Each rule is a dictionary containing the following fields:

- description: a description of what this rule matches
- namespace: a namespace name for the tag; this is good for grouping similar tags
- tag: a tag name; this is the name of the tag that is set when the rule is evaluated
- expression: a Java compatible Regular Expression that is encoded as a JSON string;
- minimumRows: the minimum number of rows to sample before enabling this rule for evaluation; if a dataset does not contain the minimum number of row data then the tag will never be set
- maximumRows: the maximum number of rows to sample; this limits the number of dataset rows sampled
- minimumMatchRate: the percentage (expressed as a number between 0.0 and 1.0) of expression matches that a dataset column requires to warrant setting the tag

An example Auto-Tagger Rule:

{
    "description": "Matches wellformed email addresses",
    "namespace": "autotagger",
    "tag": "email",
    "expression": "^(\\D)+(\\w)*((\\.(\\w)+)?)+@(\\D)+(\\w)*((\\.(\\D)+(\\w)*)+)?(\\.)[a-z]{2,}$",
    "minimumRows": 10,
    "maximumRows": 100,
    "minimumMatchRate": 0.5
}

In the above example, the Auto-Tagger will set the autotagger:email tag on each column in a dataset when that dataset has at least 10 rows of data and the expression evaluates to true for 50% of the sampled rows. The Auto-Tagger will sample a maximum of 100 rows of data from the dataset.

Troubleshooting the Auto-Tagger

The Auto-Tagger will run automatically on datasets discovered by a Crawler if the OKERA_AUTOTAGGER_CONFIGURATION environment variable has been set. The suggested tags are visible from the Data Registration page (click on Edit Schema). If you’re finding that the Auto-Tagger is not setting tags as expected, try the following:

First, create a Crawler and verify that it has discovered some datasets that you expect the Auto-Tagger to tag. Then do the following:

  1. check that Planner logs contain the string Started executing MaintenanceTask: AutotaggerMaintenanceTask: Database.Name. If this is missing from the logs then verify that the OKERA_AUTOTAGGER_CONFIGURATION environment variable exists in the Planner’s environment.

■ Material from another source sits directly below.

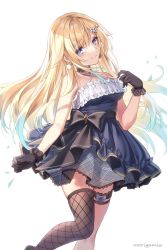 Rule 34 | 1girl, aizawa ema, aqua hair, artist name, bare shoulders, black choker, black gloves, blonde hair, blue eyes, bow, breasts, choker, curled fingers, earrings, feet out of frame, fishnet thighhighs, fishnets, flower, frilled skirt, frilled straps, frills, gloves, hair ornament, hairclip, halterneck, hand up, highres, jewelry, lace, lace-trimmed choker, lace-trimmed gloves, lace-trimmed legwear, lace-trimmed skirt, lace trim, long hair, looking at viewer, morigami (morigami no yashiro), multicolored hair, parted bangs, sidelocks, simple background, single thighhigh, skirt, solo, split mouth, standing, standing on one leg, streaked hair, thigh strap, thighhighs, two-tone hair, virtual youtuber, vspo!, white background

  2. check that the Planner logs do not contain the string Failure in RegexAutotagger loading configuration. If it does, then it means that Okera isn’t able to access the JSON configuration file or the JSON file is not well-formed JSON in the expected format.

  3. check that the Planner logs contain the following string: Finished executing MaintenanceTask: AutotaggerMaintenanceTask: Database.Name. If you find this string for the expected dataset then your rule expression and metrics details need to be reevaluated for correctness.